Learning basic git commands takes less than half an hour. However, to install git and understand the principle behind git, please go over Chapters 1 and 2 of the ProGit book.

As we have discussed in the class you need to be able to publish your work in Github so you need to create a Github account. Then you will use the git client for your operating system to interact with github and iterate on your projects. Almost no project starts in vacuum - there is almost always a repo that will neeed to be cloned and that you will need to modify to your needs.

How to work with a github repository in Colab#

  1. Fork the desired repository if this is not yours. For example go to ageron/handson-ml3 and press the Fork button.

  2. After forking you should see the repository appearing in your account.

  3. Click the green button Clone or download, click Use HTTPS and copy the field with the location of the repo your forked.

  4. Go to https://colab.research.google.com/ and login with your university email account

  5. In the window that pops up select Github. Accept the requested additional permission request for your university email account. After Github and Colab connects you will be able to see the forked repo from your drop down menu of Repository. You will also see all the notebooks that start with a number e.g 01_the_machine_learning_landscape.ipynb. The number indicates the chapter number.

  6. Select to open the 01-*.ipynb notebook by clicking on it. You should see the notebook in your own colab account. Any change will be persisted in your github.

  7. Run the first cell. If you havent used Notebooks before, people with little programming experience will fall in love with them especially at this stage where you dont need to type new code. For a tutorial on how to use the notebooks in colab or in general open and run the notebook Welcome to Colaboratory.
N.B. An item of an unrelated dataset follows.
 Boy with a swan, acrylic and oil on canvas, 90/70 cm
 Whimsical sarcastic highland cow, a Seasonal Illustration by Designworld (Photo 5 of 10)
External Tools and Databases (Optional)#

Elastic Search Environment Setup#

For project work you may need to install ES. Please note you are responsible for setting up the environment. For example to set up ES in Win10 you may follow this guide but bear in mind that we cannot support any IT issues you may encounter in your laptop. You may decide to set up a development environment in AWS cloud 9 that is linux based for a small fee or taking advantage the free tier for new AWS accounts (which is not free if you need EC2 instances outside of what the free tier provides).